Explore the world of data curation with Nithu John, Research Assistant at Simon Fraser University and Curator for the Canadian VirusSeq Data Portal (CanCOGeN).

Contextual data—such as where, when and how a SARS-CoV-2 sample was collected—is vital for interpreting trends in SARS-CoV-2 genomic sequence data that help us better understand COVID-19 and inform the public health response.  Data from a variety of sources must be standardized quickly and accurately. The challenge is that individuals and teams providing data each use different information management systems, which use unique fields, terms and formatting for encoding data. 

Image of a superhero with text: This is where data harmonization and curation come to the rescue, enabling data from across the country, and even the world, to be used together to inform our understanding and response to COVID-19 and other major public health challenges.
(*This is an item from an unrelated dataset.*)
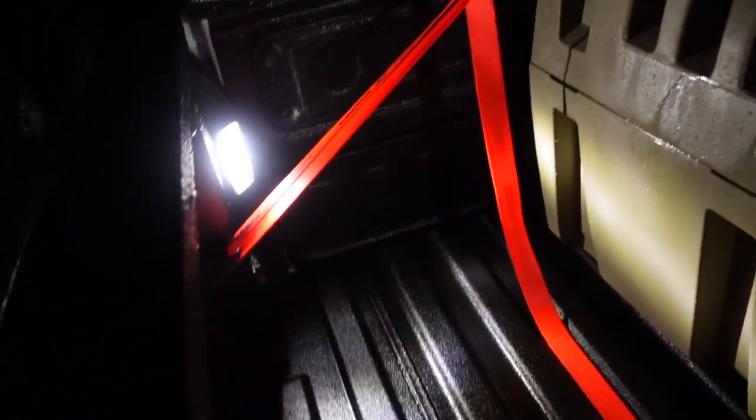Alright, so finally it's later in the evening. I've got the floodlights button on — that has the bed lights that come on. Now we're finally going to be able to test out the Go Light.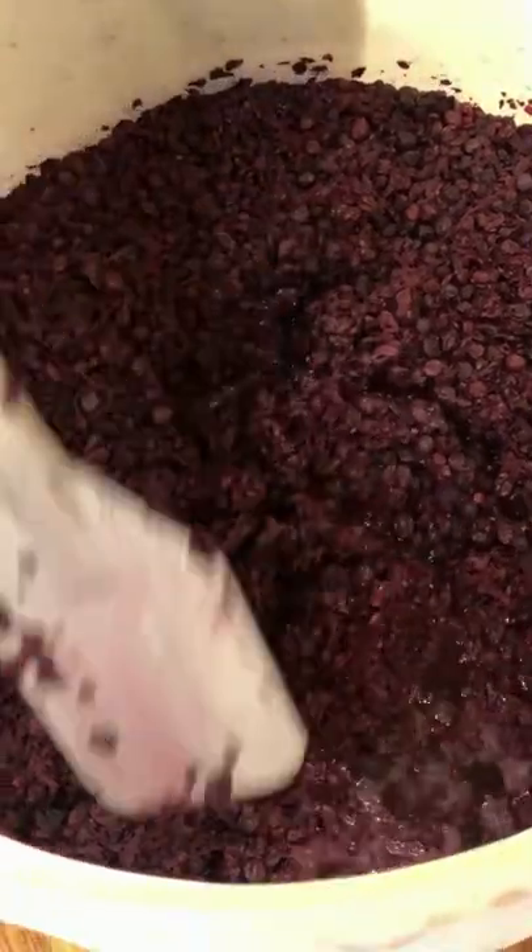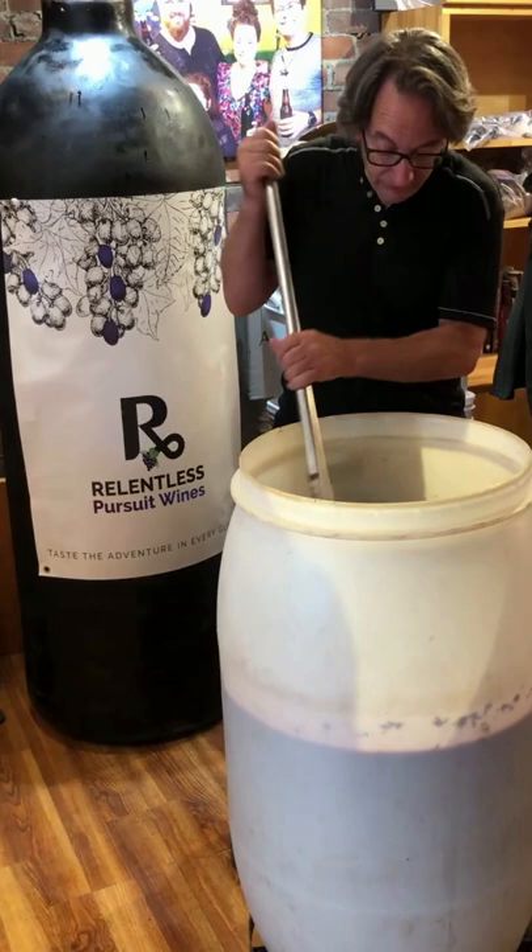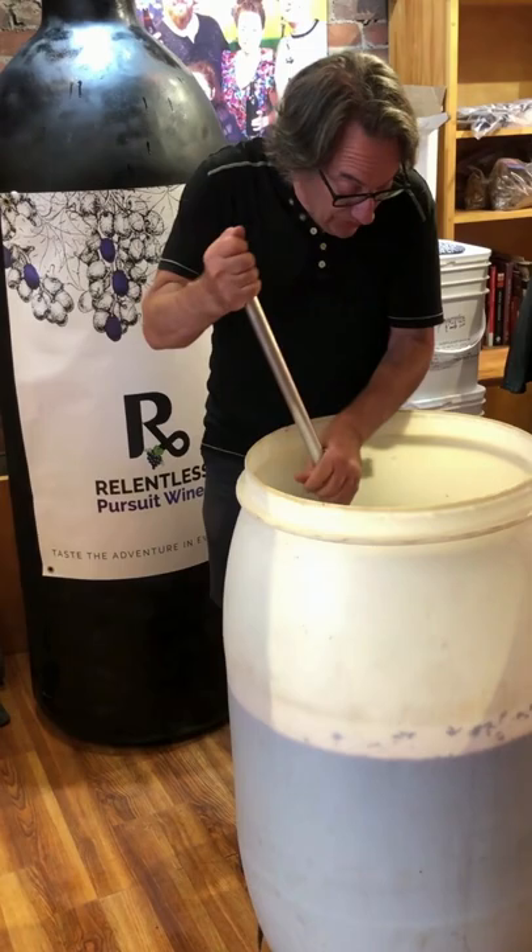What an amazing project we're working on right now. We are doing a Syrah Ripasso. Syrah was pressed before the ferment was finished. Grenache Noir was also pressed before it was finished, and we've added the Grenache Noir skins back into the Syrah.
The DataHarmonizer (developed by the CanCOGeN Metadata Working Group) is a tool that resolves many of the standardization issues noted above (learn more). The DataHarmonizer:

  • Standardizes data formatting and data entry.
  • Provides validation and automates data transformations.
  • Represents a vital tool for data curation.

A crucial next step in data preparation is checking the contextual data from different provinces and labs before sharing with the National Microbiology Laboratory’s access-controlled database and the public access Canadian VirusSeq Data Portal launched in April 2021

What does data curation look like for CanCOGeN?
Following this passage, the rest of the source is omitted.